Uwe Rotermund: Yes, this is about how achieving integrity or utility for the customer or societal acceptance of responsibility can be reflected in goals and processes. Integrity can be measured then, as well.

novum: How do we have to imagine the analysis structure of EFQM?

Uwe Rotermund: Self-assessment is an important element of the EFQM model. Here, we make a distinction between five process groups which, together, are considered to be „enabling“ the company.

  1. Leadership
  2. Strategy
  3. Employees
  4. Partnerships and resources
  5. Processes, products and services

The entire company is structured into these five areas. For each there are questions that must be answered to any desired degree of depth and detail. Of course, this includes having an organisational makeup and process organisation, a vision, a strategy. All that has to be described. If I am a „Great Place to Work®“, a large portion of these questions have already been answered, there is much overlapping in the topics. The so-called „cultural audit“ of the Great Place to Work® survey already covers a lot of the contents of what will again become a topic in the EFQM survey.

novum: What else must be emphasised in the EFQM approach?

Uwe Rotermund: The EFQM emphasises enablement and success. If I have repeatable processes with which I generate a result, then I am „enabling success“. And the success is measured in results.
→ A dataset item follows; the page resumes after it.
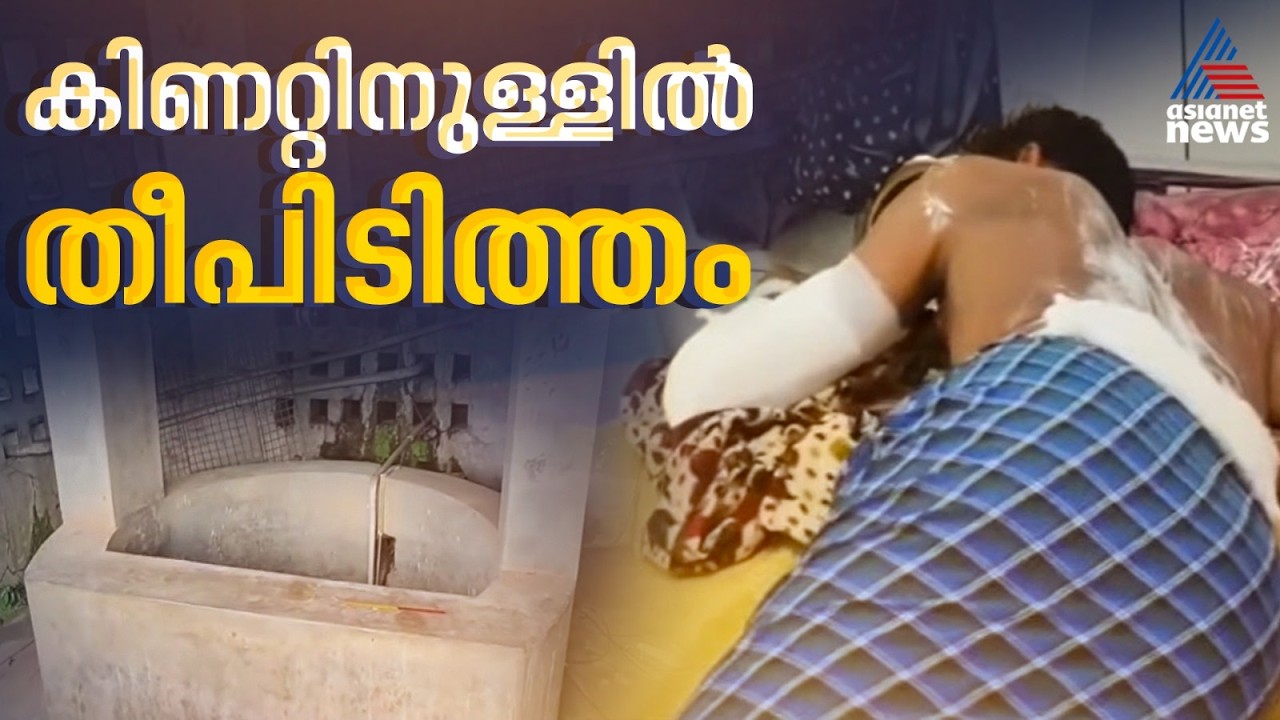 തിരുവനന്തപുരത്ത് കിണറ്റിനുള്ളിൽ അഗ്നിബാധ; മൂന്ന് യുവാക്കൾക്ക് പൊള്ളലേറ്റു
novum: For you, what has your working with EFQM brought you with respect to your company?

Uwe Rotermund: First I could see, on a high concretisation level, how thoroughly we have thought our company through, how we have permeated our activities in thoughts. Blank spaces were quickly filled. That was also the first important step of the audit that we went through, the self-assessment.
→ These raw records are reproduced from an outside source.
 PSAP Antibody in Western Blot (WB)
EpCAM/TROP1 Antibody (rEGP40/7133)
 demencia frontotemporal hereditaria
novum: What are the effects of EFQM?

Uwe Rotermund: Initially, processes describe only what has to be done how. The effect is measureable in two dimensions. One of them is the question: „Are things really done as they are described?“ and then: „Are we getting the results that were hoped for?“ That is the results level of EFQM.
To answer these questions, measurement and planning procedures must be available. Without comparison of plan/actual there are no results.

novum: What does the comparison with other companies look like?
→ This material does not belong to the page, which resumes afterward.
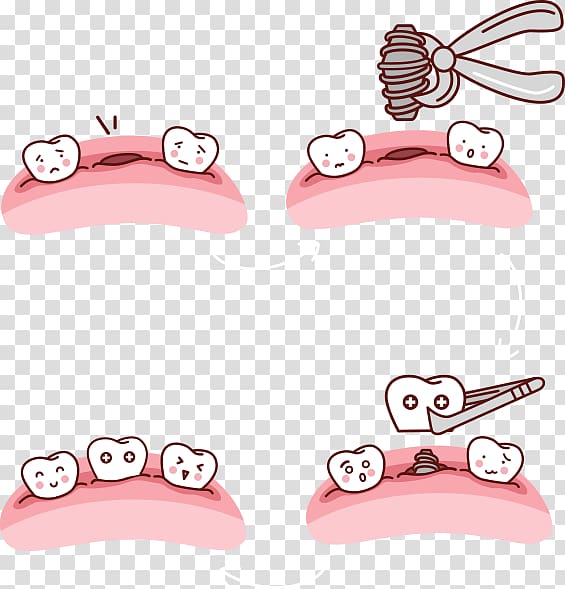 Drawing Tooth Dental implant, Dental Arch transparent background PNG clipart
Some things cannot be compared if one is innovative!

Uwe Rotermund: At first, benchmarking always sounds good. However, some things cannot be compared, particularly if one is innovative. Within the framework of the EFQM question template, different companies can come to completely different results, and still all of them can be very successful. EFQM does not make any valuing decisions, it offers a planning and analysis framework.

novum: Without a doubt, the defined goals and purposes of a company can quite obviously have an immaterial character that is difficult to measure because they are tied to values such as „good“ or „helpful“. Let‘s think about the idea that as a company in the world we want to contribute something to the success of the community of all people.

Uwe Rotermund: Yes, this will become demanding and rewarding at the same time. It is however, a great challenge to categorise one‘s own actions such that I am able to first theoretically and then empirically read off if I am doing the right thing to, for example, make the world a better place. Then I have to ask myself very strictly, what am I doing specifically to be able to achieve my lofty goal? And as a result I ask myself if it was right to support my goal, after I compared, via a reaction analysis, the effects of my actions with the desired goal. It is a fascinating instrument!

novum: In the end, is the noventum Corporate Management Dashboard the platform in which everything comes together?

Uwe Rotermund: Yes. As IT experts and BI experts we have, of course, created a corresponding application for our own purposes. It helps us greatly to visualise our results and to evaluate them. Here, it can be read off again in detail how results and numbers from the GPtW® process are incorporated into the EFQM work. A lot of synergies, a lot of inner connections.

novum: Thank you very much for the interview.


The interview with Uwe Rotermund was conducted by Dr. Matthias Rensing, noventum consulting.